II. REHOBOAM'S CONTEMPT OF EXPERIENCE. He consulted the old advisers of Solomon, it is true, but clearly for the look of the thing only. Directly after speaking with "the responsible ministers of the crown," he turned to the courtiers, who were far less able to advise in such a crisis. Job says, "With the ancients is wisdom; and in length of days understanding." This is not always true. A man may be old without being wise, he may go through many experiences without being experienced. Still, other things being equal, a long study of affairs gives knowledge and discretion. It would clearly be so, with men chosen by the wise Solomon.

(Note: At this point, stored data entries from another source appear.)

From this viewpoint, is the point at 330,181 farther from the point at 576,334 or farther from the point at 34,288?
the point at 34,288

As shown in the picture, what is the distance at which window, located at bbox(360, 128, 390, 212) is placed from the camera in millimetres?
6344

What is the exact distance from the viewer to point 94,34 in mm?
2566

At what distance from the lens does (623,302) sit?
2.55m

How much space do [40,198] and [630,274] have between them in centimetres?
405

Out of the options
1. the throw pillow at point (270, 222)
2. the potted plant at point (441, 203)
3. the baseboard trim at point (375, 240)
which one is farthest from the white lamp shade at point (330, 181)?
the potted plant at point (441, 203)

Besides, those who have already won their honours are more disinterested than those who are ambitiously seeking to win them; and those whose reputations are high are more careful to guard themselves against folly than those who have no reputation to lose. [Found on such principles the duties of submission to authority, of reverence to age, etc., which are the essentials of a happy home and of a peaceful society.]

III. REHOBOAM'S RESORT TO THE FOOLISH. The answer of the young men showed their folly. That such a spirit should exist is a proof that in the later years of Solomon the people about him had sadly deteriorated.

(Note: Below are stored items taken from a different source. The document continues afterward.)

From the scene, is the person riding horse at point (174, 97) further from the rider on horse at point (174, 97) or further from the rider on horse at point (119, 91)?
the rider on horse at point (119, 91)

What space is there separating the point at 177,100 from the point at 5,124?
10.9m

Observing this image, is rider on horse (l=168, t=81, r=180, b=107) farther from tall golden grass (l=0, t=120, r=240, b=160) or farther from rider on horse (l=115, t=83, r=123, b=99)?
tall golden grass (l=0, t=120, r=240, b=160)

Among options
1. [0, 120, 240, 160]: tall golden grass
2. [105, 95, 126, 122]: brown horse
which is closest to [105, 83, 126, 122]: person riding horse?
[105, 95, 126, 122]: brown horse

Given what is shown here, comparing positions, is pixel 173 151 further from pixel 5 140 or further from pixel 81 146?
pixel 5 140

(1) These were the boon companions of Rehoboam, and knowing his haughty temper they flattered him to the top of his bent.

(2) They were courtiers brought up amid the luxuries of the splendid reign just ended, and knew little or nothing of the condition of the people. For these and other reasons they were of all others the most unfit to give counsel in this crisis. [Give examples from history of kings ruined by their favourites.] We should always suspect those who gratify our vanity, or seek to further our lower pleasures. Show the evils which arise, especially to weak characters, from foolish associates. "He that walketh with wise men shall be wise, but a companion of fools shall be destroyed." "Forsake the foolish, and live." "Blessed is he that walketh not in the counsel of the ungodly, nor standeth in the way of sinners, nor sitteth in the seat of the scornful."

IV. REHOBOAM'S BOASTFULNESS OF HIS POWER. "My little finger shall be thicker than my father's loins." A proverbial expression to denote that his power was greater than his father's. Such bragging is no sign of courage. At the first outbreak of rebellion, this boaster "made speed to get him up to his chariot, to flee to Jerusalem." A strong character expresses itself not in great words, but in great deeds. The boastful Peter fails, the silent John stands firm. The Pharisee is rejected, the publican justified. "He that humbleth himself shall be exalted, and he that exalteth himself shall be abased."

V. REHOBOAM'S ABUSE OF HIS AUTHORITY. "My father made your yoke heavy, and I will add to your yoke," etc. This was not the speech of one who felt himself to be a shepherd of God's flock, but of one who assumed despotic authority. This was never permitted to a king of Israel, nor is it intended by God that any man should thus rule. It would be an evil to the ruler himself as well as to his people. Least of all is it to be tolerated in the Christian Church. The highest in ecclesiastical office are forbidden to be "lords over God's heritage," but are to be "examples to the flock." Christ said, "The kings of the Gentiles exercise lordship over them... but ye shall not be so" (Luke 22:24-29).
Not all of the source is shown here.